Lately I’ve been feeling this deeper longing and calling in my heart for Jesus. Full of wonder and adventure and butterflies everytime I seek Him. Like Something wild He is inviting us to. and I’m so overwhelmed by the way our friend Jesus is inviting our sons into friendship, too.
we went over the scripture today in Mark 5 about the bleeding woman. If only she could just touch Jesus she knew she would be healed. And I know the burning in her belly she must’ve felt just to touch Him. Just to taste a moment of freedom. Just one moment with Him changes everything. He is everything. And maybe that woman is you, today. if only you could just touch Him, you know you’d be free. & it’s so true. He’s wild for all of us, and I so believe He is stripping away everything that fades in this world that we find comfort in. So nothing in between us & Him remains. So we can just reach out and touch Jesus & experience His love & goodness & the freedom everyone of us craves. So that when everything else dies out, we still worship Him with our entire lives unashamed. to live everyday like it’s Sunday.
…for You, Lord, have never forsaken those who seek You.. Psalms 9
I remember about 6 months ago I was listening to a message about arriving to what you are called to, and the journey in between before you get there. I can remember feeling frustrated and telling the Lord, “we are so far from shore.” In my heart it felt so far away, because all I could see were the hurdles it was going to take to get there. It felt like being in the boat, in the middle of the dark ocean, with big waves ready to consume us. So far from shore.
But reflecting back I know we were only following Jesus to the ocean. Never in any real danger as He calms the sea. I’m so thankful for the last 2 years of our lives. Though it felt like some kind of zig zag path, it felt like being lost at sea for a moment, sometimes longer. And the times the waves grew, and fear overcame, I even lost sight of His boat ahead of us.
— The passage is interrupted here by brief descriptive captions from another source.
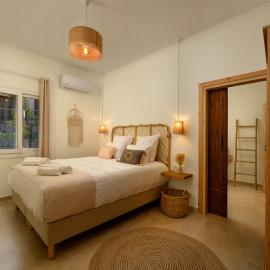 La Maisonette House in the Heart of Liapades Close to Rovinia Beach & Paleokastritsa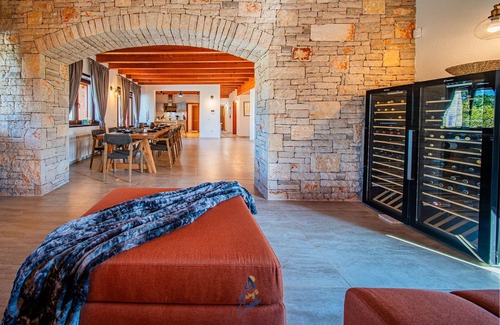 Hrboki Villa | Villa de luxe 5 étoiles avec piscine d'eau salée chauffée pouvant accueillir jusqu'à 12 personnes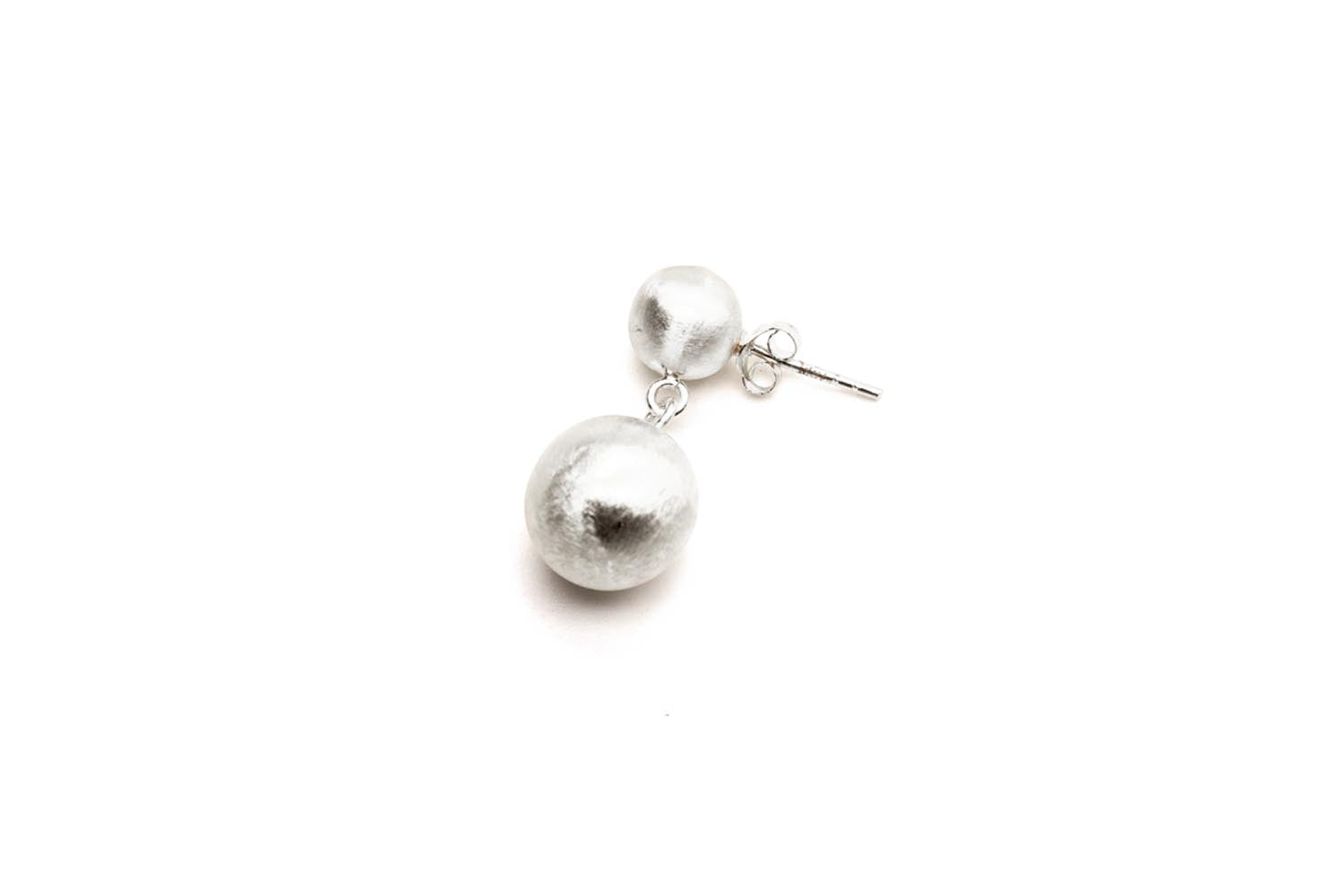 O26 Earring Double Pearl matte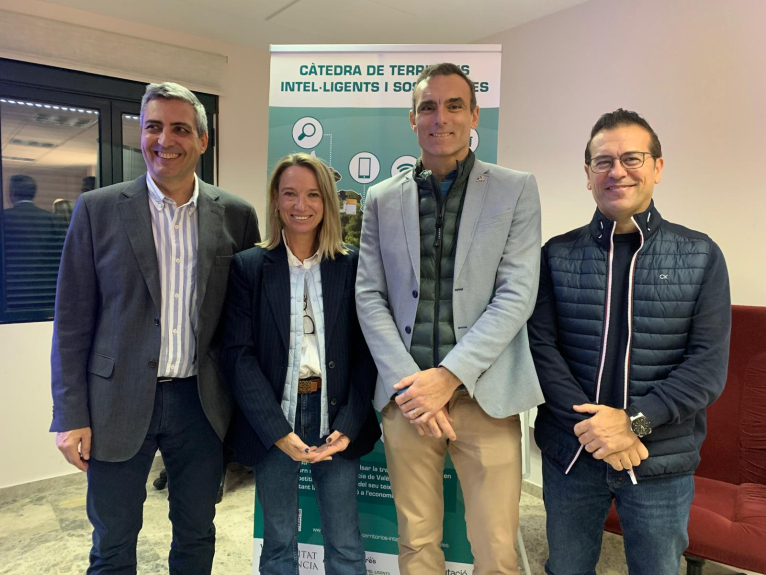 La Diputació de València y la UV crean una cátedra para impulsar la transformación digital en el entorno rural de la provincia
But even with little faith, He is always faithful to calm the wave that is ready to swallow us.
The Father is faithful even when we aren’t, but He is asking us to be faithful in return. And it can start off as a small mustard seed type faith, but when you water the seed and you give it the light it needs, its grows into a strong, faithful tree.
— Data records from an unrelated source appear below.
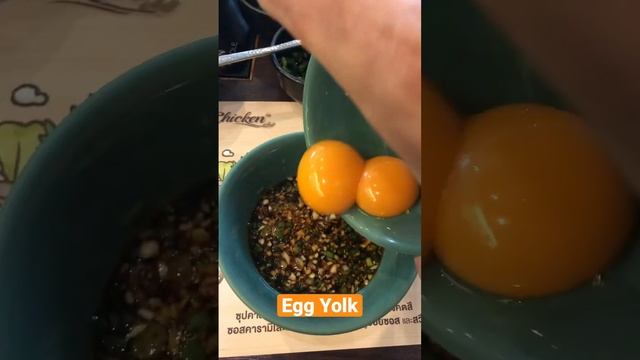 Pickled Egg Yolk in Soy Sauce (ไข่ดองโชยุ) at Mo-Mo-Paradise 😋😆 смотреть онлайн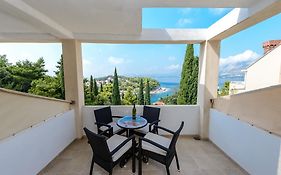 Apartments Aida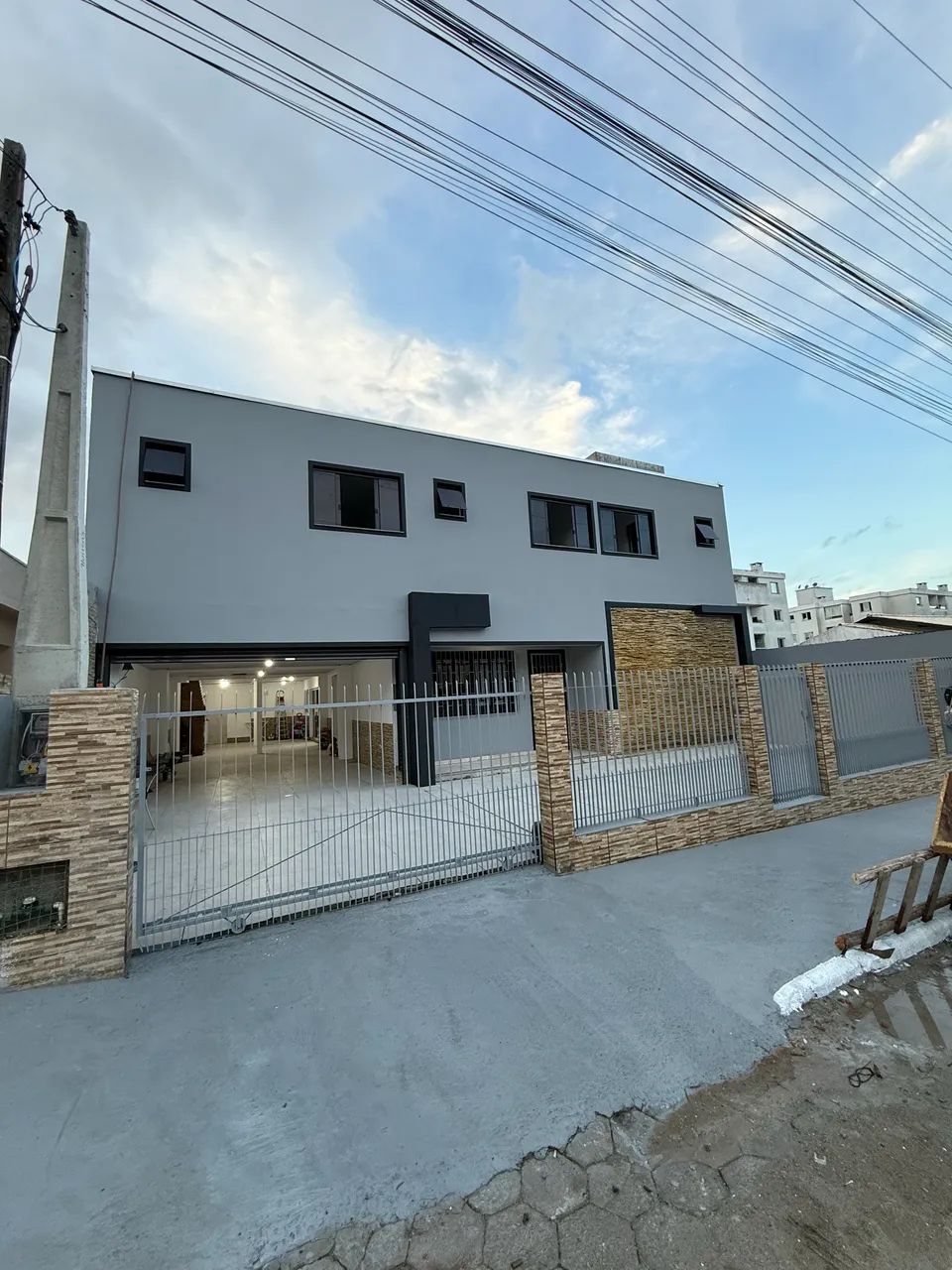Vendo casa com 5 apartamentos e uma kit net  - Foto 4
So we are able to get into the boat to follow Jesus, even if we do it afraid. Even if that means He changes our plans and our direction and the future we thought we knew looks so beautifully different. He’s so faithful.
And the water calms, and the morning sun comes out, and I see it all clearly now,
we are so close to shore.
There’s more to come: We continue to shout our praise even when we’re hemmed in with troubles, because we know how troubles can develop passionate patience in us, and how that patience in turn forges the tempered steel of virtue, keeping us alert for whatever God will do next. In alert expectancy such as this, we’re never left feeling shortchanged. Quite the contrary—we can’t round up enough containers to hold everything God generously pours into our lives through the Holy Spirit!
Romans 5:3-5 MSG
(It’s so funny, and so like God, to remind me of mustard seed type faith over and over again throughout my life. I wrote this post earlier today, then this evening at my leadership class a woman I go to church with hands me a mustard seed inside a container with oil. She said, “just a reminder for you.” I told her how I have a mustard seed tattooed on my arm growing into a tree. And the way I had my grandmothers mustard seed in a glass container tied around my wedding bouquet 7 years ago. So thankful for this tonight.)